What lines of the material below include the string "purple"? Copy all of them.

Supplied data Start Marker

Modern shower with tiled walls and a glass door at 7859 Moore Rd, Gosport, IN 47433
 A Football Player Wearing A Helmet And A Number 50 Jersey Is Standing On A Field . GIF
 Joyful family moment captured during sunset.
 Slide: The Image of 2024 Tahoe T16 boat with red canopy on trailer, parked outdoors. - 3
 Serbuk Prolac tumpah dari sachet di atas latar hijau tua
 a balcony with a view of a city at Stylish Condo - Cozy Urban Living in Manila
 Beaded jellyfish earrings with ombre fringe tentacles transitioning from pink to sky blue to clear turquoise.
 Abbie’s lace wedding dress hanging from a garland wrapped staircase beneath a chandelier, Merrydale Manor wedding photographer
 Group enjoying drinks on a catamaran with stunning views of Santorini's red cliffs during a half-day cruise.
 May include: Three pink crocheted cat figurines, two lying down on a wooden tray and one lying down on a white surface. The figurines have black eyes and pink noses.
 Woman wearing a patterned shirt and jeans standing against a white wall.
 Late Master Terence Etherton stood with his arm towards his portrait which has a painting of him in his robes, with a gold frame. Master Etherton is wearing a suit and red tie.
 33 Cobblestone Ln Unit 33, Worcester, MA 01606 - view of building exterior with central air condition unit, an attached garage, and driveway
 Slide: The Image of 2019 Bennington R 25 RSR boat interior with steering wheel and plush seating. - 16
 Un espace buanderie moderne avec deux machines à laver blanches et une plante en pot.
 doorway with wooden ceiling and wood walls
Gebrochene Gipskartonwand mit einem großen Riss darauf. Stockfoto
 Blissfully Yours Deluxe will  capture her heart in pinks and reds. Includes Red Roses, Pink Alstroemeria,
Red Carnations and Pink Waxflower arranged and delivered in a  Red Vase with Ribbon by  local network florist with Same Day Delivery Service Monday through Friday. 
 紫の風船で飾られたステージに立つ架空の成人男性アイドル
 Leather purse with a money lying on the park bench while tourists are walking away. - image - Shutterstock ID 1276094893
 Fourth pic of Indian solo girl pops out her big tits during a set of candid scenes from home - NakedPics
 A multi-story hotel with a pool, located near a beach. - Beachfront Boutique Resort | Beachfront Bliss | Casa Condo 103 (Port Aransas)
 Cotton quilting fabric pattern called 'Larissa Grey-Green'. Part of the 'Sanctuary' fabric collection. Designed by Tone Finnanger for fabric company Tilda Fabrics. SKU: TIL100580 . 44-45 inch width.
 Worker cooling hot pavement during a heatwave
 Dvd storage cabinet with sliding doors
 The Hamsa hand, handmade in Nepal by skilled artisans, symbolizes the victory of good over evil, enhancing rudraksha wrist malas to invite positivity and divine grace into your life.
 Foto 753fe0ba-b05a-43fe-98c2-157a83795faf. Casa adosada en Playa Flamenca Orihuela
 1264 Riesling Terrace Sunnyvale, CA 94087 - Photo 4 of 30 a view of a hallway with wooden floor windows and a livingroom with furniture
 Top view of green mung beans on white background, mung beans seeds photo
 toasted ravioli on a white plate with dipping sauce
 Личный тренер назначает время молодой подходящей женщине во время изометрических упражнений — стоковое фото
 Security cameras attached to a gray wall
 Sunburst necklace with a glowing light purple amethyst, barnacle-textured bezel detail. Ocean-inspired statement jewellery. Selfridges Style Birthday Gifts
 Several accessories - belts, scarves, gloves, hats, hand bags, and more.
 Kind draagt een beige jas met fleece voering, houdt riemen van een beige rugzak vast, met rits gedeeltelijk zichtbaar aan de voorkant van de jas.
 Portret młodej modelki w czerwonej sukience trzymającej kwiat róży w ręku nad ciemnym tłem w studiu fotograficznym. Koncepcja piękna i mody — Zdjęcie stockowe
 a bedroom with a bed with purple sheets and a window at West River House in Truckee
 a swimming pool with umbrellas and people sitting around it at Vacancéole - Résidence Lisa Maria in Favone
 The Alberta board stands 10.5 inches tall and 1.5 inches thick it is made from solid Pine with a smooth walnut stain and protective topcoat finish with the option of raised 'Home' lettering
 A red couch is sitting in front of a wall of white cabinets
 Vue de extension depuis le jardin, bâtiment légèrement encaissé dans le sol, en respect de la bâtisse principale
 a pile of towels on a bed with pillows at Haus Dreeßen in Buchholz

Supplied data End Marker

▶ **Task solution**
 Sunburst necklace with a glowing light purple amethyst, barnacle-textured bezel detail. Ocean-inspired statement jewellery. Selfridges Style Birthday Gifts
 a bedroom with a bed with purple sheets and a window at West River House in Truckee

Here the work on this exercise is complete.